─── SOURCE DATA ───

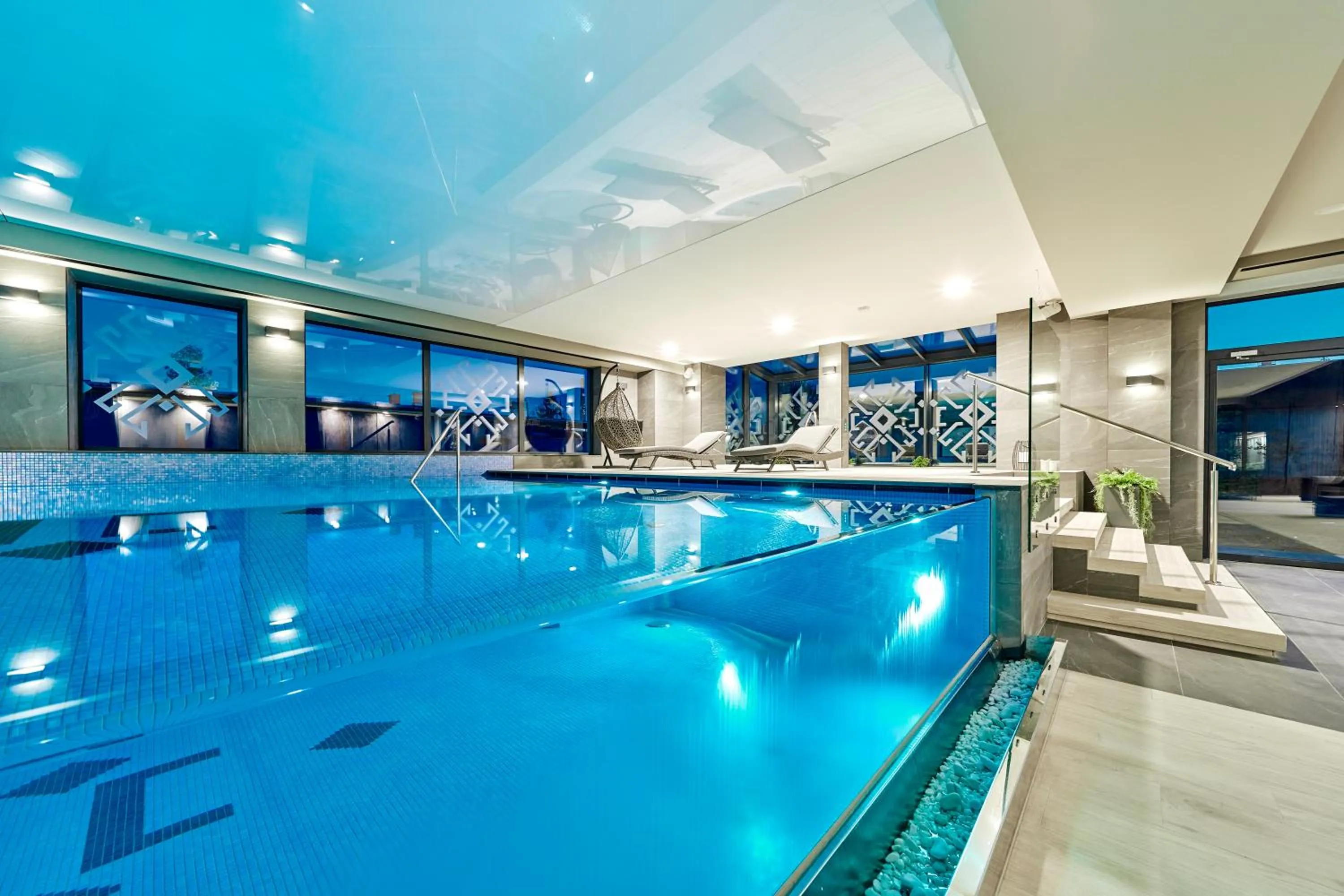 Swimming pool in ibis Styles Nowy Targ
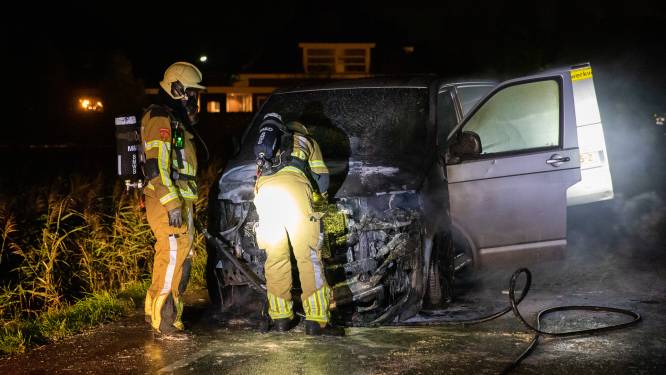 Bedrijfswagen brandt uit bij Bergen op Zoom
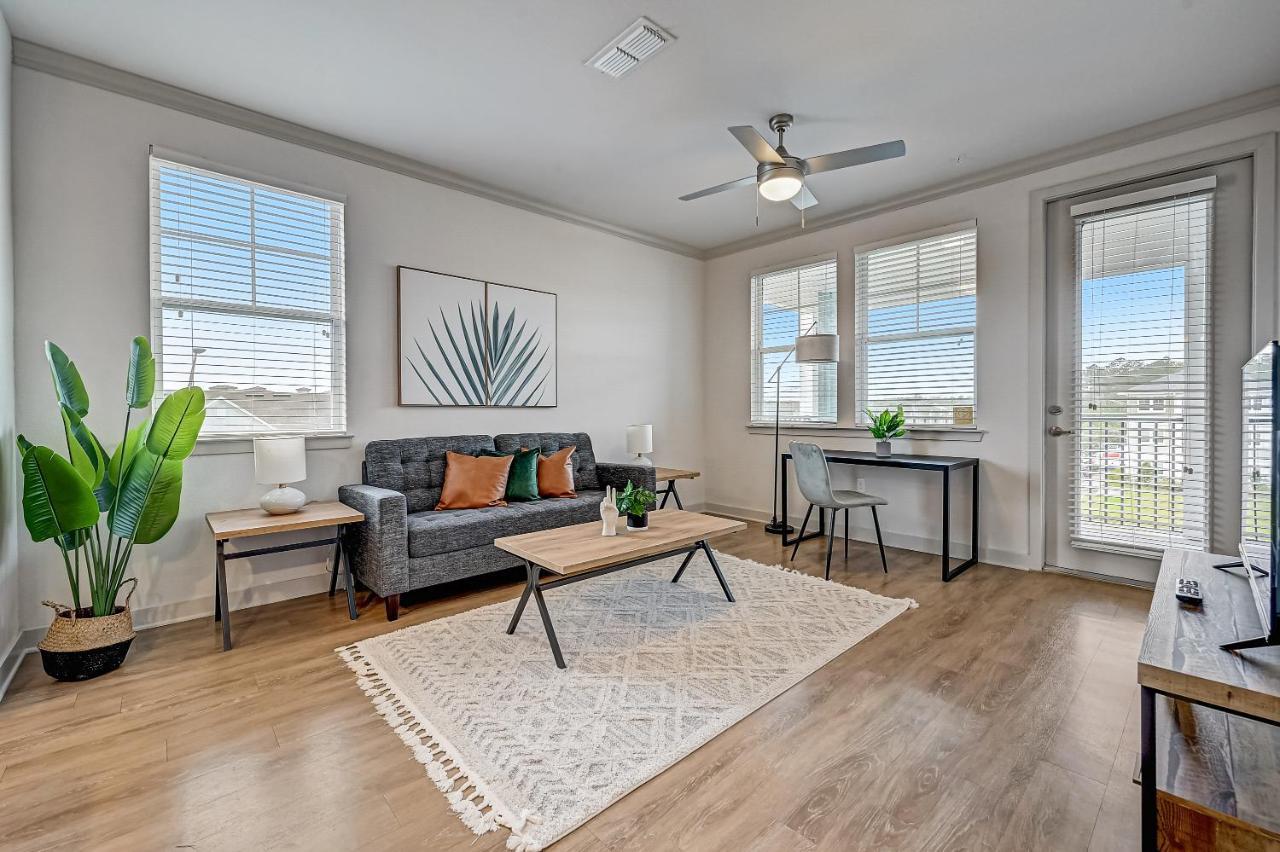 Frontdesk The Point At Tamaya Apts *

───

## ASSIGNMENT
From the line that contains "Bedrijfswagen brandt uit bij Bergen op Zoom" to the final line of the material, write out each line exactly. Pictures stay out.

## OUTPUT OF THE EXERCISE
 Bedrijfswagen brandt uit bij Bergen op Zoom
 Frontdesk The Point At Tamaya Apts *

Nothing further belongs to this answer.